* [Material provided]
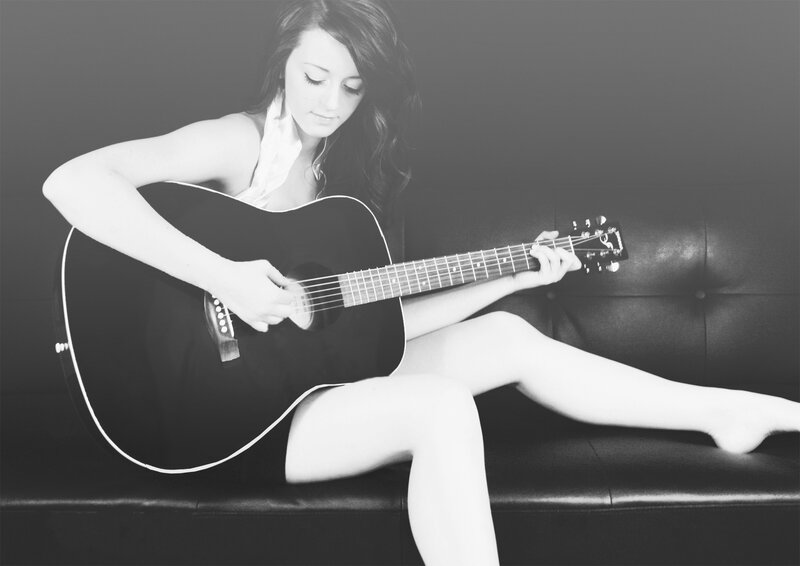 woman playing acoustic guitar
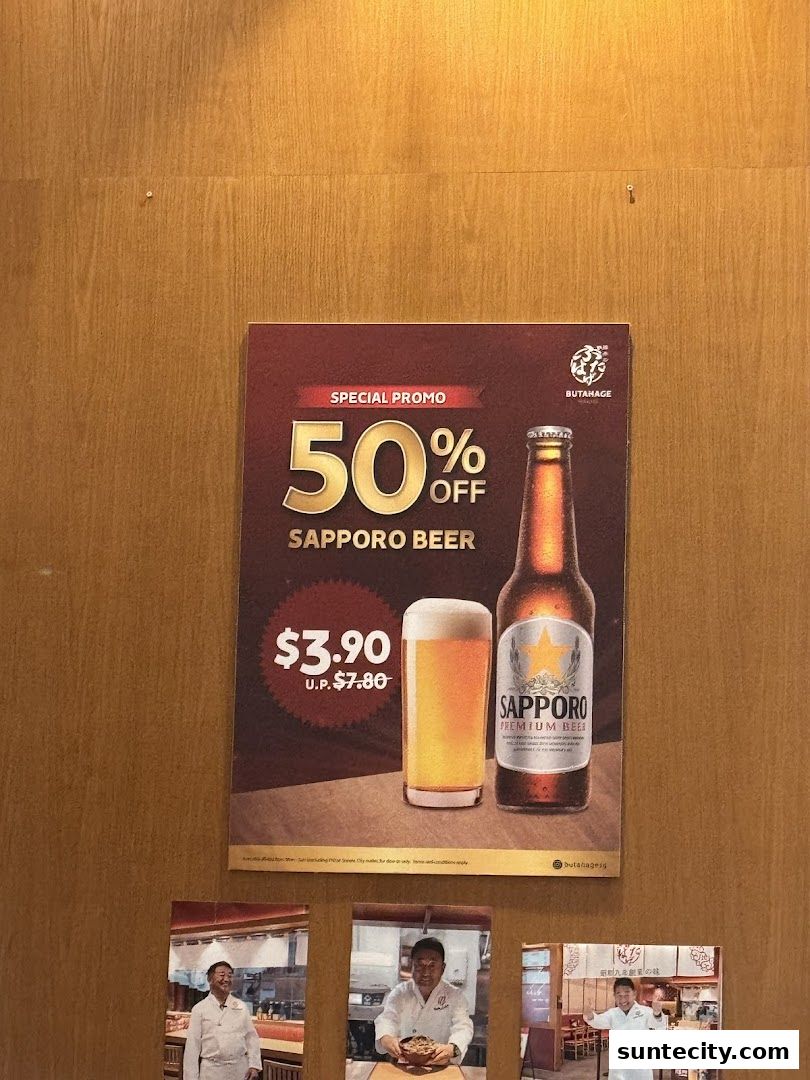 A promotional poster for 50% off Sapporo Beer at Butahage, with a special price of $3.90.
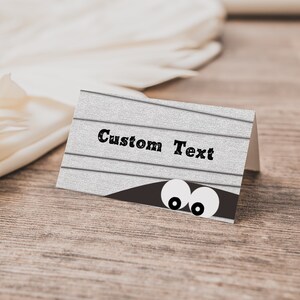 May include: A white card with a woodgrain texture and the text "Custom Text" printed in black. Two white eyes peek out from behind a brown shape at the bottom of the card.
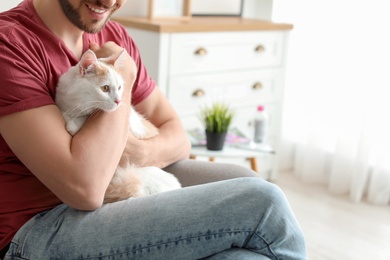 Young man with cute cat at home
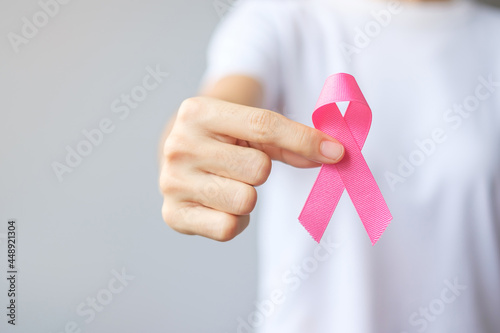 October Breast Cancer Awareness month, elderly Woman in white T- shirt with hand holding Pink Ribbon for supporting people living and illness. International Women, Mother and World cancer day concept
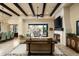 Spacious living room with fireplace, high ceilings, and access to backyard at 10585 E Crescent Moon Dr # 19, Scottsdale, AZ 85262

* [Work to complete]
Copy the lines exactly as they appear from the opening of the entries above through the line with "October Breast Cancer", excluding all pictures.

* [Task result]
 woman playing acoustic guitar
 A promotional poster for 50% off Sapporo Beer at Butahage, with a special price of $3.90.
 May include: A white card with a woodgrain texture and the text "Custom Text" printed in black. Two white eyes peek out from behind a brown shape at the bottom of the card.
 Young man with cute cat at home
 October Breast Cancer Awareness month, elderly Woman in white T- shirt with hand holding Pink Ribbon for supporting people living and illness. International Women, Mother and World cancer day concept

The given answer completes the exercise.